Кто-то крикнул в ответ:
— Вы видели и слышали, как отнеслось большинство! Не притворяйтесь!
Оратор умолк. И тут же поспешили объявить концерт.
После концерта артистам преподнесли цветы — настоящие. Когда передавали букеты, и зэки и артисты понимающе переглядывались и улыбались.
Вечером того парня забрали в карцер, а черед пятнадцать суток перевели в БУР, на камерный режим.
Через несколько дней после этого случая мы читали в газете Дубровлага «За отличный труд» о том, что «…в седьмом подразделении встреча с земляками прошла в теплой, дружеской обстановке.
Цветы в зоне
Приезжего человека с воли поражает то, что в зоне много цветов и зелени. «Территория подразделения утопает в цветах» — так пишут в лагерной газете, и это на сей раз — правда.
Цветами занимаются больше всего старики и инвалиды, особенно те из них, кого не гоняют на работу. Таких немного, но на озеленение хватает. Для работы они уже совсем не годятся, но их не выпускают, пока не вышел срок. Цветочные семена присылают родные — это разрешается.
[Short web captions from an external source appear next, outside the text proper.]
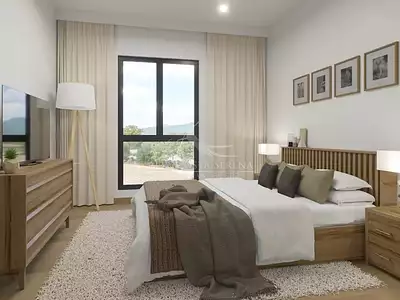 Appartement, 64,67 m²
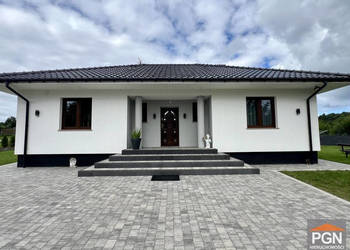 Dom wolnostojący 100m2 Wisełka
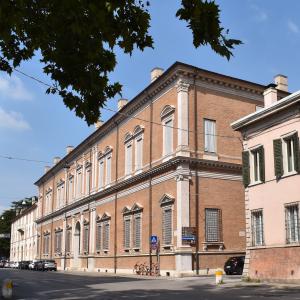 Palazzo Massari (Ferrara) 5 - Nicola Quirico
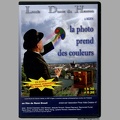 Louis Ducos du Hauron<br />René Dreuil<br />(BIB0875)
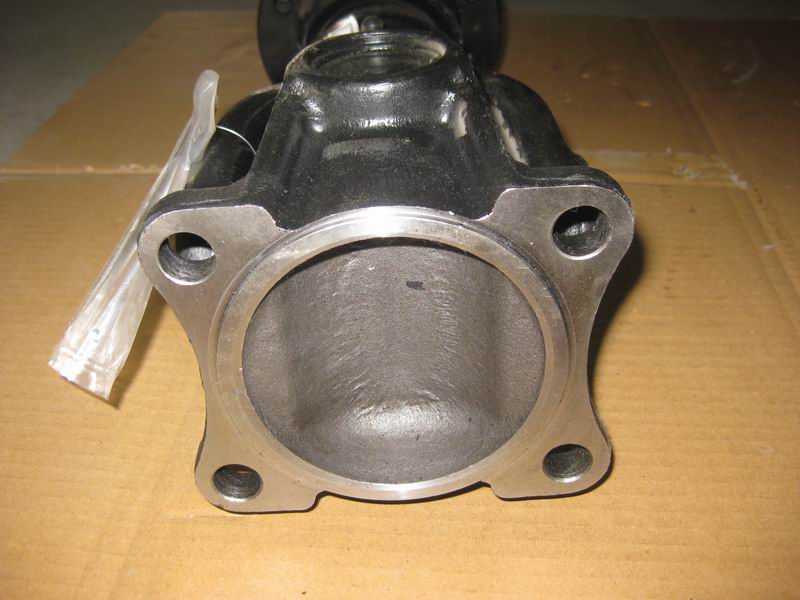 Приводной вал N (EQ 153 + 7C + 355 + 60 )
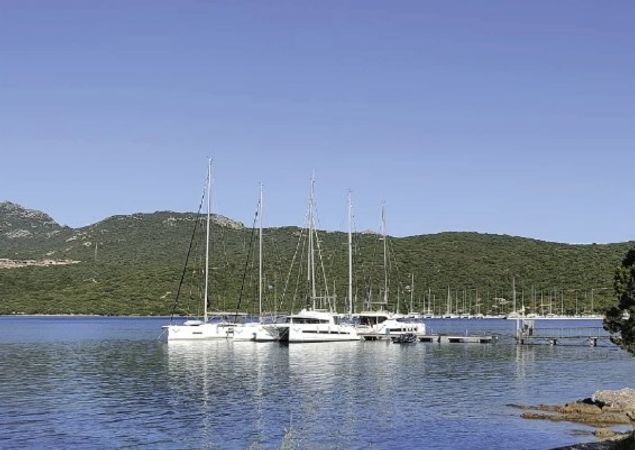 Jeanneau Sun Odyssey 509 | Kaos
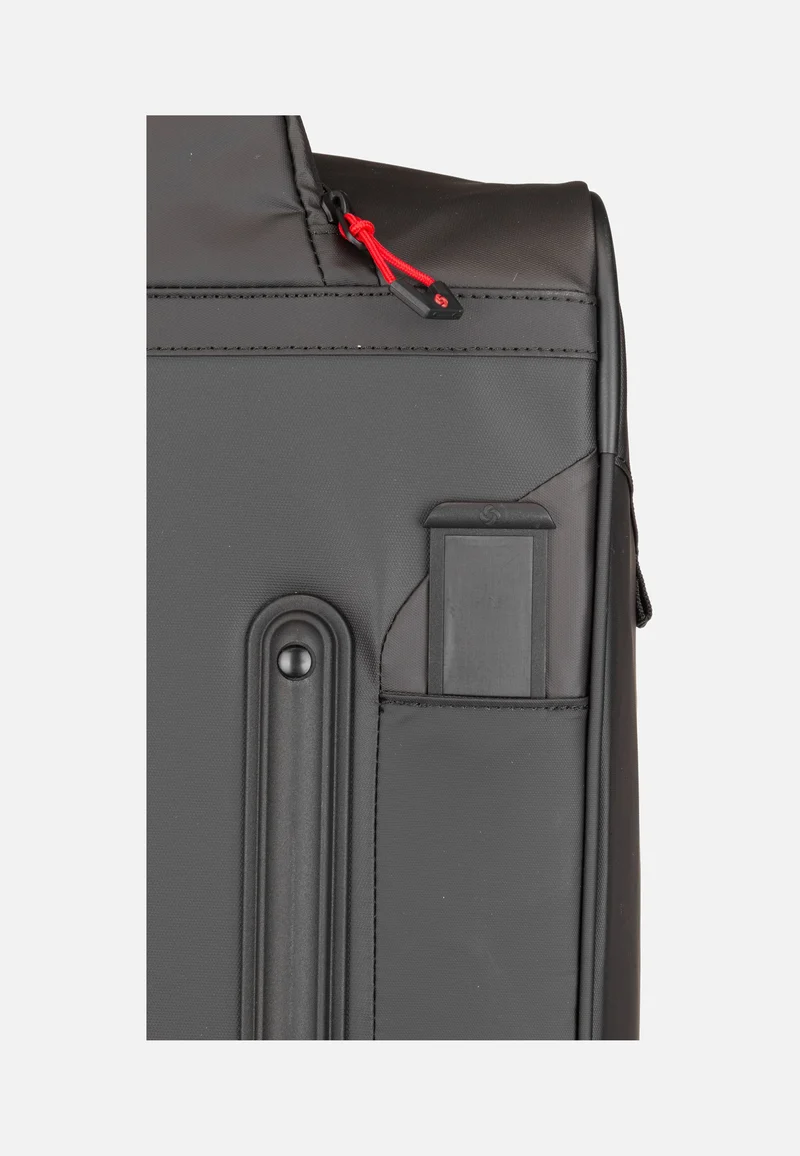 Ecodiver Duffle/WH 79 Black - Koffer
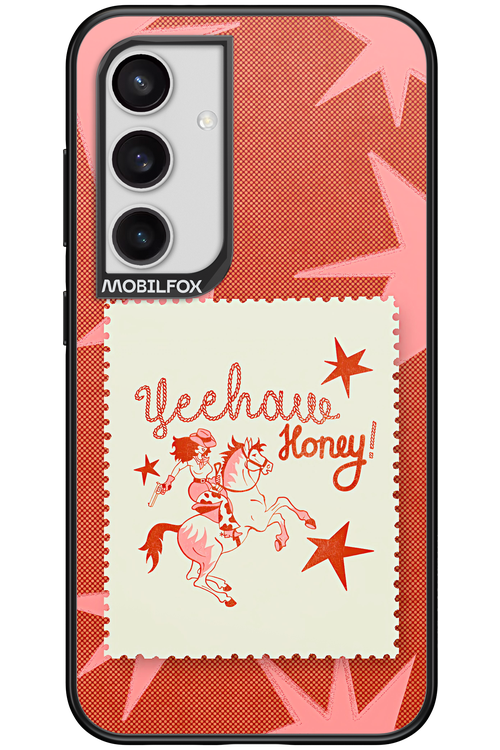 Yeehaw Honey 2.0 - Samsung Galaxy S24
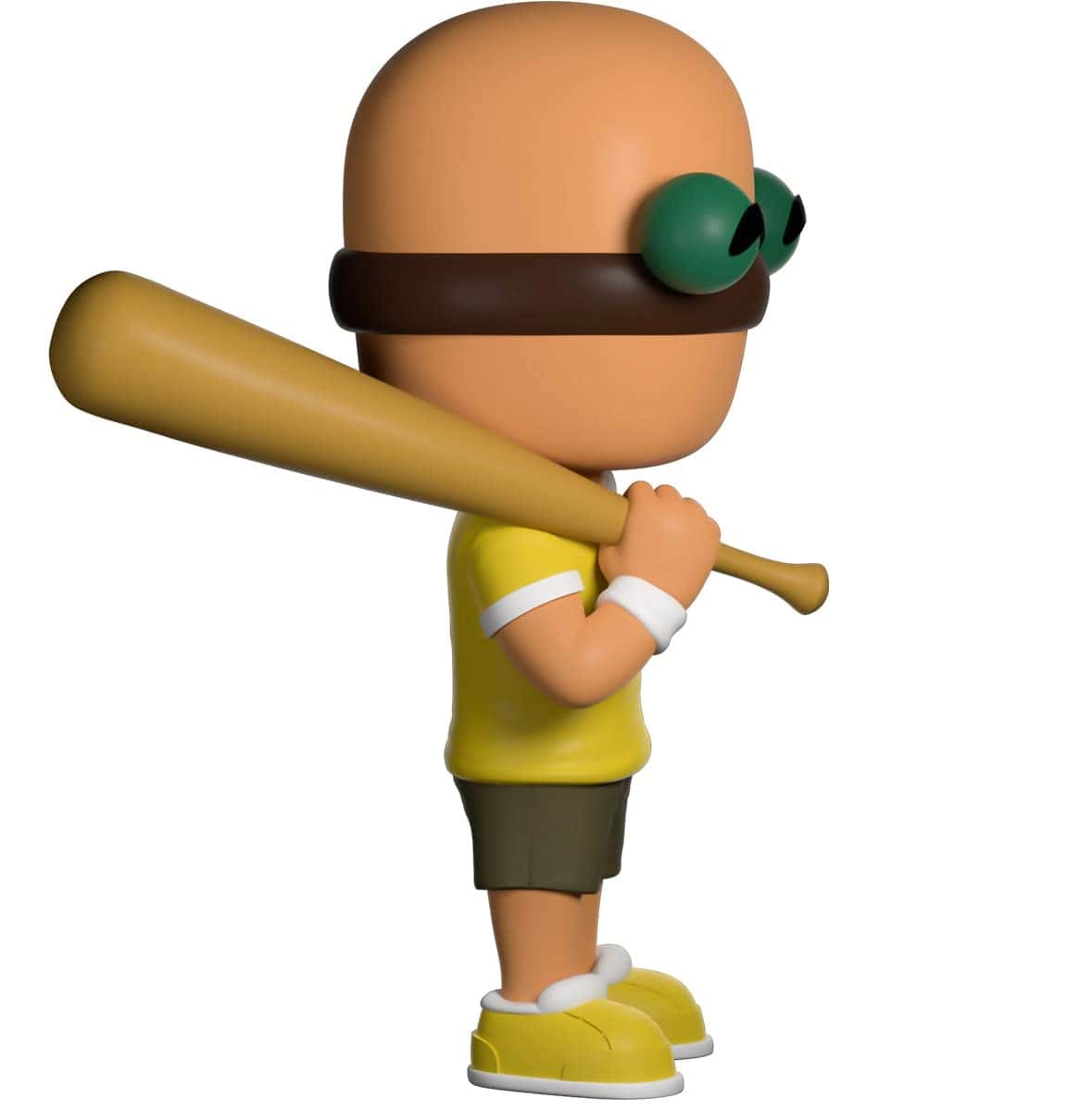 Figura de Vinilo Beef Boss #83 de YouTooz, Coleccionable de - Imagen 5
Многие из молодых тоже помогают. Цветы все любят.
Начальство не приказывает растить цветы, но и не запрещает их, не вытаптывает, как морковь или лук. Пусть приезжие увидят и расскажут, как красиво у нас живут заключенные!
Офицеры и надзиратели нередко уносят букеты домой, своим женам. А 31 августа, перед началом учебного года, все вольные идут из зоны с цветами: завтра их детишки подарят букеты своим учителям.
Однажды к нам приехал лектор, и зэки завели с ним спор-разговор о положении в лагерях.
— Да чем же у вас плохо? — возмутился лектор. — Стадион, волейбол, библиотека, полным-полно цветов!
— Вы забыли, что на могилах тоже растут цветы, — ответил ему заключенный Родыгин.
Больница (Третье лаготделение)
А тех, кого мастер заплечный калечит,
Они латают, штопают, лечат
И шлют в застенок назад.
Бертольт Брехт. Зонг «Страх и отчаяние Третьей империи»17 сентября 1965 года, часов в восемь утра, всех нас, кого в этот день отправляли в больницу, собрали на вахте с вещами. Обходные листки (в них отмечено, что ты сдал все лагерное имущество — матрац, подушку, рассчитался на работе) мы заполнили еще накануне. Собралось нас человек двадцать — кто мог, пришел на своих ногах, лежачих принесли на носилках. Носилки поставили прямо на землю в предзоннике. Ждем шмона. Вот надзиратели начали вызывать нас по одному на вахту. (Когда очередь доходит до лежачих, их вносят на вахту на носилках.) Всех без исключения догола раздевают, осматривают, ощупывают, в барахле перещупают каждый шов, отбирают все, запрещенное для зэка, — деньги, колющие и режущие предметы, чай. Словом, все, как обычно. Ищут главным образом записки, письма, как бы зэк другу, тоже зэку, не передал весточку «с оказией», ведь переписка между заключенными строго запрещена. Обыскали одного — выводят его в предзонник, отделенный от зоны и от первого предзонника. Зовут следующего.
Пока обыскивают, да строят по пятеркам, да сверяют с личными делами, да пересчитывают — проходит часа два. Наконец повели: ходячих в строю под конвоем, тех, кто не может идти, везут на подводах, тоже, конечно, под конвоем. Добрались до вокзала, ждем поезда. Это тот же небольшой состав, который ходит от Потьмы до Барашева: всего несколько вагонов, вагонзак обычно в хвосте, так что посадка не с перрона, а прямо с земли. Нам-то, ходячим, еще ничего, а вот с носилками приходится помучиться: поднимать высоко, двери узкие, в коридорчике не развернешься. Носилки поворачивают то боком, то чуть ли не стоймя. Впрочем, у санитаров уже есть сноровка, ведь возят часто. По вторникам и пятницам — этап на третий для политзаключенного со всей дороги, со всех лагерей; за бытовиками закреплены другие два дня. Надо отметить, что, хотя везут из лагеря в больницу каждую неделю, больных в лагере не убывает; одних язвенников, желудочников в каждом лагере чуть ли не половина, для всех на третьем места не хватает. На третьем больных не вылечивают, а только обследуют, чуть-чуть поставят на ноги — и обратно в лагерь, на работу. А на их место везут новых. Так и идет нескончаемый круговорот.